Assisto al ciclo della vita nei suoi momenti di espansione e contrazione, alle nascite pedisseque e ai lutti mai inediti, in un gioco di contrari che si accordano a prescindere da chi non si accordi con se stesso. Sono sia il mio liberatore che il mio carceriere, ma nelle vesti del secondo cerco di non sequestrarmi troppo a lungo nei particolari: per me la visione d’insieme comincia a prendere forma nel dileggio delle mie istanze specifiche. La lucidità mi serve come bussola e io ricerco l’amor proprio nelle sue massime espressioni le quali, sovente, hanno natura solipsistica e autoreferenziale, ma a tutto questo mio industriarmi non devo riservare grossa considerazione. Forse non riesco a esprimere bene cosa intendo o può darsi che abbia voglia di dilettarmi con una disonesta umiltà al cospetto di me stesso, magari per dare un tono derisorio a queste righe irrisorie; ammessa pure l’incapacità di scrivere per esteso quanto voglio dire, di certo posso coglierlo leggendomi con i miei occhi e quindi il problema per me non si pone: la questione resterebbe aperta se io volessi chiudermi a riccio o se provassi a trasformarmi in un infopoint.

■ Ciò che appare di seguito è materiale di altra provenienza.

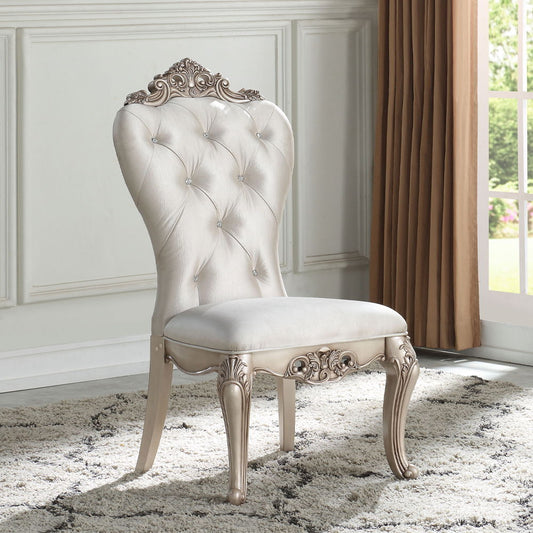 Gorsedd - Side Chair Set of 2) - Cream Fabric & Golden Ivory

Per me il parossismo di certi eventi è simile alla scarica elettrica che scende da un nembo e si disperde a terra. Talora le rotture dei rapporti formano l’ossatura di quella medesima relazione, ma a patto che il rimedio non sia più nocivo di ciò a cui si contrappone. Una cura da cavallo non fa andare sempre al galoppo. Non m’intendo di legami per esperienza diretta e non vivo accese passioni per interposta persona, ma nel distretto del mio individualismo non v’è ostacolo che mi precluda una splendida vista dalla mia torre d’avorio. Non so sempre cosa voglia la logica da me né quanto io pretenda da lei, però resto nel campo delle possibilità e non m’illudo che nulla vi sia oltre le linee laterali e al di là delle linee di fondo in cui esso è confinato.

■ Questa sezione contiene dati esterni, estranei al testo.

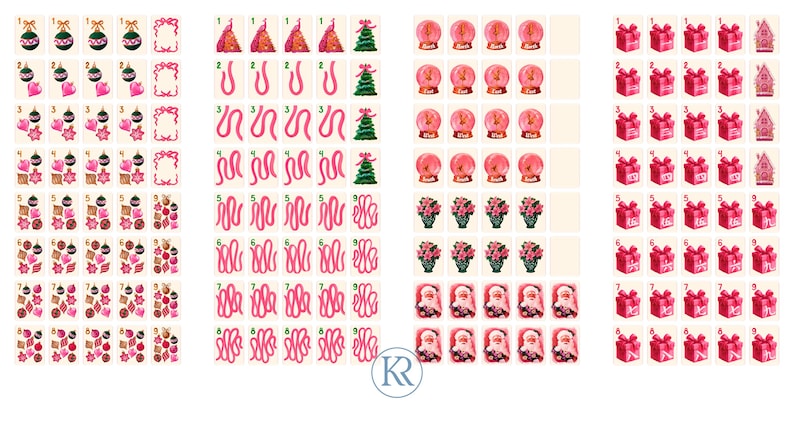 Pink Christmas Mahjong Set PRINTED image 5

Il logos arriva dove può rispetto alla realtà, io arrivo dove posso rispetto al logos e chi arriva per ultimo, gentilmente, chiuda la porta sebbene indietro non si possa tornare: è più un atto di buona creanza, un gesto proforma e di bon ton. L’entropia non può diminuire e una taglia forte a volte non può dimagrire, perciò ognuno indossa quello che gli entra mentre l’universo si espande. Galassie lontane e pensierini vicini: questo accostamento dà la misura della miseria.